The Ancient Hebrews did not know where, or even what, she'ol was. To them it was an "unknown" place, hence its relationship to sha'al meaning "unknown." Ancient Hebrews never speculated on something unknown-to them it was simply "unknown" and left at that. But one with a Greek mindset always desires to know the unknown. It is our Greco-Roman western mindset that needs to know where and what she'ol is.

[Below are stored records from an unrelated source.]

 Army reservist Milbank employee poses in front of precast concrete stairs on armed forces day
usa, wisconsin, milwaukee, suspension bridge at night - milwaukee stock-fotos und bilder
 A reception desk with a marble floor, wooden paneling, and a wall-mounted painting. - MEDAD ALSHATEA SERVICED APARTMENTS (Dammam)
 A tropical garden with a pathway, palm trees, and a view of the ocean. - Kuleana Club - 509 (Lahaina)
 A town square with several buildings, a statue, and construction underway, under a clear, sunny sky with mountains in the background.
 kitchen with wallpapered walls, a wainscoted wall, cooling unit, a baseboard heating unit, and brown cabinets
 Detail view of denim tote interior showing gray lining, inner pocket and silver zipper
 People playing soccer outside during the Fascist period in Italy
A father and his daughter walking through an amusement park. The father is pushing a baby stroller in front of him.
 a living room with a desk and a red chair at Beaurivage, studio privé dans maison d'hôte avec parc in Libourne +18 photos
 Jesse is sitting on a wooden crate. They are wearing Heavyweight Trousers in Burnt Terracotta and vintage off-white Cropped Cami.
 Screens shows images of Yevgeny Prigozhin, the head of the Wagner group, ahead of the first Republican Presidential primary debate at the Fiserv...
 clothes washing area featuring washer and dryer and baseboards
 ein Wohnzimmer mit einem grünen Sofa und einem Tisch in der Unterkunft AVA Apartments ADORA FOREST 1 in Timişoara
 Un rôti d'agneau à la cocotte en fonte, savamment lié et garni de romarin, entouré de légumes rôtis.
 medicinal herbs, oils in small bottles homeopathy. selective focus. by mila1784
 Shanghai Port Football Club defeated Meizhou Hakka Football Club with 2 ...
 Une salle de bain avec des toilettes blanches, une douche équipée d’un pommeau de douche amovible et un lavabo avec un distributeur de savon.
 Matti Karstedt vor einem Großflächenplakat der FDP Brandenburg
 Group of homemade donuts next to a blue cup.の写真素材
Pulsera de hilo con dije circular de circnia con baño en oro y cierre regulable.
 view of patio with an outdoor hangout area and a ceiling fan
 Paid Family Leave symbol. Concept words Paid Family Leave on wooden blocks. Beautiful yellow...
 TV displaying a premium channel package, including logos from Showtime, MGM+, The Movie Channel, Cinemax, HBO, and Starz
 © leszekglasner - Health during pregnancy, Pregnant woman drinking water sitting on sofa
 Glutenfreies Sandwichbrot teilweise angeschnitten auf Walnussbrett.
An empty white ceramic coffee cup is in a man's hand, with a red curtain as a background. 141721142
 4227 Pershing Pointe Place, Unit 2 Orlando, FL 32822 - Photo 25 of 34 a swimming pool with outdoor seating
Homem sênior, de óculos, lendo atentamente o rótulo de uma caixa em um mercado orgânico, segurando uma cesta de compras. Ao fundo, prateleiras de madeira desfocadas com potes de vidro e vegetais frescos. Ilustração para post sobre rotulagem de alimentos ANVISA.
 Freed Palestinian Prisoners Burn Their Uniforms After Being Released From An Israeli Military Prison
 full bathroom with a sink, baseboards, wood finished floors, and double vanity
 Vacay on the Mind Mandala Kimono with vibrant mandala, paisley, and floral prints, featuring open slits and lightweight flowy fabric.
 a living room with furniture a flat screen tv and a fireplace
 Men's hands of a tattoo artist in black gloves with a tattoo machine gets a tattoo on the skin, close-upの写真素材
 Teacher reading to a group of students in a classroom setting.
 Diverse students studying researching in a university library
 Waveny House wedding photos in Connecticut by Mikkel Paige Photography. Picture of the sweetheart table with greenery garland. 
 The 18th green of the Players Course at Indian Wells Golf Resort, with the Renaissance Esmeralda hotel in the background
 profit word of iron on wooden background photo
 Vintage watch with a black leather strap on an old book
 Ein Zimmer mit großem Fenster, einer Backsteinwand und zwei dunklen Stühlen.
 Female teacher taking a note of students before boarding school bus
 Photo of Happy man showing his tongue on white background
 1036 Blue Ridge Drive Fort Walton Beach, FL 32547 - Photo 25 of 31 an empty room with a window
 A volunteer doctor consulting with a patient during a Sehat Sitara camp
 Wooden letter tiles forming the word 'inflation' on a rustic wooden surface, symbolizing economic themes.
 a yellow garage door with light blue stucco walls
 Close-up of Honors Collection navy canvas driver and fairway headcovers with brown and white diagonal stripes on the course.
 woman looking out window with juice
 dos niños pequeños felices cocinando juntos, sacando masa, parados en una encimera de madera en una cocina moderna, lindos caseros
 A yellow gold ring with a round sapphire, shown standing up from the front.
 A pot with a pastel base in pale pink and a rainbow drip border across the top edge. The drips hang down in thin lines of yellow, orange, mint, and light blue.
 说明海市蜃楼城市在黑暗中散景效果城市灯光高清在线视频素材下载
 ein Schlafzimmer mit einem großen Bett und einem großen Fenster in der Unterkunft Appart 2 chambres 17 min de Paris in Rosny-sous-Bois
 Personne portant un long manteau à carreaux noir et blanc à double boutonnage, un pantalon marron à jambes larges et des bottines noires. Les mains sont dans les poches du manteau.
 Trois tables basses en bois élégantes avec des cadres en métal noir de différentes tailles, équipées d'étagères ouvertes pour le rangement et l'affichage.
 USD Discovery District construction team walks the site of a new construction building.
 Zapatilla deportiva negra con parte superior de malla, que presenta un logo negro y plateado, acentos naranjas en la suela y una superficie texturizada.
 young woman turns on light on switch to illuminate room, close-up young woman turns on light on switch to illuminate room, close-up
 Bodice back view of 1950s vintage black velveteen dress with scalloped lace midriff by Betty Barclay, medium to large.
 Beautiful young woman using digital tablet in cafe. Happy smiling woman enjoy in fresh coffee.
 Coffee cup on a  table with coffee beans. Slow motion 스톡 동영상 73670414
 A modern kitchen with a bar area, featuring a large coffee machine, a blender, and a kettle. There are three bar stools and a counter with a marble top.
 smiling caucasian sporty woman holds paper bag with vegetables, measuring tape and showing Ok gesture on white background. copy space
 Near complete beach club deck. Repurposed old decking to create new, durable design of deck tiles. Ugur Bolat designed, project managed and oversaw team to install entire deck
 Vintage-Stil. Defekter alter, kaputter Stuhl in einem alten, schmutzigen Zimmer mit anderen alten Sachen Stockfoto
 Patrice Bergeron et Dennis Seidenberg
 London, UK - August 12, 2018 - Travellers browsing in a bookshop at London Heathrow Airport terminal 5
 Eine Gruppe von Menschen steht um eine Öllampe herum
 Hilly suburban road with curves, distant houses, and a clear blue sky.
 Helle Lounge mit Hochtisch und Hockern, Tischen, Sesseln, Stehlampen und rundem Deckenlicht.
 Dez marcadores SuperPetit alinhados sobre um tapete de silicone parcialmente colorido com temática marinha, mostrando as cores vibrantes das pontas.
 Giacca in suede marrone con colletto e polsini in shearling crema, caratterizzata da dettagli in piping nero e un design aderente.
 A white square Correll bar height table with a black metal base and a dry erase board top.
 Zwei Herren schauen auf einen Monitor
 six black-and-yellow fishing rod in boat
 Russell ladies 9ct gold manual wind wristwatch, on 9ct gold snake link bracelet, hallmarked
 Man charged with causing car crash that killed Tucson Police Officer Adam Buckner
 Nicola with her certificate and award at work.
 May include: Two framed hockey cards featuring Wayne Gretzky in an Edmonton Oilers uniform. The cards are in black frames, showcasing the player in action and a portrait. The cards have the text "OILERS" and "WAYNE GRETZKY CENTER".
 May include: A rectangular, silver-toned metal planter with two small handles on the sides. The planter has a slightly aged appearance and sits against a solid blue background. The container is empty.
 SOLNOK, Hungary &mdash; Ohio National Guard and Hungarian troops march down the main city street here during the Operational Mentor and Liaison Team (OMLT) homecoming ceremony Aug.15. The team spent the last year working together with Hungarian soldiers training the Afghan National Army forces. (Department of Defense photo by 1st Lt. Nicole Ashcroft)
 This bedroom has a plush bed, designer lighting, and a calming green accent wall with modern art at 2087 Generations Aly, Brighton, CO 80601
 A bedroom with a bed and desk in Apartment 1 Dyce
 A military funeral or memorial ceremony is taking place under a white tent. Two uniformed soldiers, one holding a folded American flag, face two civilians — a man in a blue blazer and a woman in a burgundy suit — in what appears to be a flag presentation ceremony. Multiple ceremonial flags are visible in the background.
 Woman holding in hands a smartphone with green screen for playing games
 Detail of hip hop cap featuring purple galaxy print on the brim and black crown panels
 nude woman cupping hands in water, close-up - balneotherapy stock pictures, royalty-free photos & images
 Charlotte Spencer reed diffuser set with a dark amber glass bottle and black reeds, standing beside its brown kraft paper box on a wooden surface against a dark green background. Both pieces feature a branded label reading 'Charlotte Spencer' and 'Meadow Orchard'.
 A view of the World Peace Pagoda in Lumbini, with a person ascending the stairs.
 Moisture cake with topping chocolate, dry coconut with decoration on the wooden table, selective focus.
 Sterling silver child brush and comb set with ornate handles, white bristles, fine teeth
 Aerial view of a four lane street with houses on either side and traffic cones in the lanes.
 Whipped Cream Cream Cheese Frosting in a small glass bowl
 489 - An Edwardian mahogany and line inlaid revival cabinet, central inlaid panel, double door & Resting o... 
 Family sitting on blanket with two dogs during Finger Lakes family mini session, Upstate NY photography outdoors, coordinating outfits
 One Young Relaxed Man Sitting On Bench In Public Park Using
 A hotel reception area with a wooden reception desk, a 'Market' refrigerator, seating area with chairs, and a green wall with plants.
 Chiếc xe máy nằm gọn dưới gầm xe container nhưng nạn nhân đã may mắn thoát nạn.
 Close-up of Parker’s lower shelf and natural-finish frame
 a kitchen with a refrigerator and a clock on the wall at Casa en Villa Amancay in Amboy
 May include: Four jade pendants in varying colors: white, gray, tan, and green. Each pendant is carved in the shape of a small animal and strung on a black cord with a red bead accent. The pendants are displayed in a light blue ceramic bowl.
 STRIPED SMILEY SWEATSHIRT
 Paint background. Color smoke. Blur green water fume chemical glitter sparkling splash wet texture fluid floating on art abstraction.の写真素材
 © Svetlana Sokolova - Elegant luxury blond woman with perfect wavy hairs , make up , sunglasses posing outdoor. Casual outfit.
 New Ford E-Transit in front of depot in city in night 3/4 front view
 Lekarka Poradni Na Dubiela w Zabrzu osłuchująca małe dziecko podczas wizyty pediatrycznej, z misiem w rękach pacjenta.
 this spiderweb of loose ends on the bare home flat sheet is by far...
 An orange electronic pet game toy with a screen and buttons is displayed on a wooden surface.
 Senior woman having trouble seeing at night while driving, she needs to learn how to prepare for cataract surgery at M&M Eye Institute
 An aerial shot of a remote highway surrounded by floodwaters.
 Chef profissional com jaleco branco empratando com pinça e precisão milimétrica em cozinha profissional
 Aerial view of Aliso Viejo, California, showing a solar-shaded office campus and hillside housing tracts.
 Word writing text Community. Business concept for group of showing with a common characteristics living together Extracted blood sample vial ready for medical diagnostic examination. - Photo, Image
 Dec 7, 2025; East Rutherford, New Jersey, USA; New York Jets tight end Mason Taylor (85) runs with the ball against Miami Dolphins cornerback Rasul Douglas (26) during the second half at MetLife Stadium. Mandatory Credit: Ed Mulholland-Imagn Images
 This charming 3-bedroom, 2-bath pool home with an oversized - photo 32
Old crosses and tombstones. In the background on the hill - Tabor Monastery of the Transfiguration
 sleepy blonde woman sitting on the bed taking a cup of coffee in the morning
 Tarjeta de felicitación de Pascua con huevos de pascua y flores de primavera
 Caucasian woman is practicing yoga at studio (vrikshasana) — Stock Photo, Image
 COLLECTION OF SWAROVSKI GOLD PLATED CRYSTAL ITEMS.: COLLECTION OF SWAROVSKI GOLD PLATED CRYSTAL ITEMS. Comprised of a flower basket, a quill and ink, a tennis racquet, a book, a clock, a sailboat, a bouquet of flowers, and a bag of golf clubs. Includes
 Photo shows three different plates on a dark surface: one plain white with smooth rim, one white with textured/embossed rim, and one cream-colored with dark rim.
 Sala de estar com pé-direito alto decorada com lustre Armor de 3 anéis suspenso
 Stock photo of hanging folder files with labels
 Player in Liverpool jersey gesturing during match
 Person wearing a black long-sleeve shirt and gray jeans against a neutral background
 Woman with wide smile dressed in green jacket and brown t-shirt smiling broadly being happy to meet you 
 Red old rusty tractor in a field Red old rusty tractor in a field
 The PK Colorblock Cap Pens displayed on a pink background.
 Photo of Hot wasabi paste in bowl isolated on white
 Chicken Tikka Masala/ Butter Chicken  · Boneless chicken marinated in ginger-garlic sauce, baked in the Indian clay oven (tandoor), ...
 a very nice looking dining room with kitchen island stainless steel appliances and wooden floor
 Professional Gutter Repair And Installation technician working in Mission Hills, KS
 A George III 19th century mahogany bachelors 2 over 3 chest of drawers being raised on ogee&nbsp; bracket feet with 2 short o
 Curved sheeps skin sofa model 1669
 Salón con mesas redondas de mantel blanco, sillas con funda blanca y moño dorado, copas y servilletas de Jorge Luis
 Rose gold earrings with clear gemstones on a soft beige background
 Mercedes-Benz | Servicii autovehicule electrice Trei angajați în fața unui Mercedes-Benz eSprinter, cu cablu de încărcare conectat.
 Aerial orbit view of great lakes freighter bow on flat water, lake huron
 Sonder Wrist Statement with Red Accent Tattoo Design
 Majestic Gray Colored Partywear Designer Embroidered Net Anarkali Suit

In the New Testament, we find three words translated as "hell." The first is geenna [G:1067]. When the New Testament was translated into Greek, the translators transliterated rather than translated some Hebrew words into Greek. An example of this is the word hallelouia [G:239], a word found in Revelation chapter 19, and is a transliteration of the Hebrew word יה-הללו halelu-ya [H:1984 & 3050] meaning "Praise Yah." The Greek word geenna is a transliteration of two Hebrew words, גיא gai [H:1516], meaning "valley" and הנם hinnom [H:2011], a place name of uncertain meaning. Gai hinnom or "Valley of Hinnom" is the name of a valley outside Jerusalem. In the days of Yeshua the "Valley of Hinnom" burned continually with fires that consumed the garbage and dead animals dumped there by the inhabitants of the city.
|And if thy hand offend thee, cut it off: it is better for thee to enter into life maimed, than having two hands to go into hell (geenna), into the fire that never shall be quenched : Mark 9:43 (KJV)|
The idea of a "fire" being associated with she'ol is unique to the New Testament and no such reference will be found in the Old Testament. Apparently, the fires of hell are a concept introduced into the Hebrew culture from an outside source, possibly while Israel was in Babylon during their captivity.
The second word translated as "hell" in the New Testament is hades [G:86]. This is the Greek word used in the Greek Septuagint for the Hebrew word she'ol. Hades is used in the New Testament in the same sense as the Hebrew she'ol, the place of the dead, the underworld. However, in the New Testament hades/she'ol is first described as a place of torment.
|And in hell (hades) he lift up his eyes, being in torments , and seeth Abraham afar off, and Lazarus in his bosom. Luke 16:23 KJV|
The third word translated as hell is tartaroo [G:5020] and is found only once in the Bible.
|For if God spared not the angels that sinned, but cast them down to hell (tartaroo), and delivered them into chains of darkness, to be reserved unto judgment 2 Peter 2:4 (KJV)|
The word tartaros (The verb tartaroo, from the noun tartaros, means "cast into tartaros.") comes from Greek Mythology and was a deep abyss and a place of torment where the Greek gods banished their enemies. The use of this word in the New Testament is a clear case of a Greek influence on the New Testament text.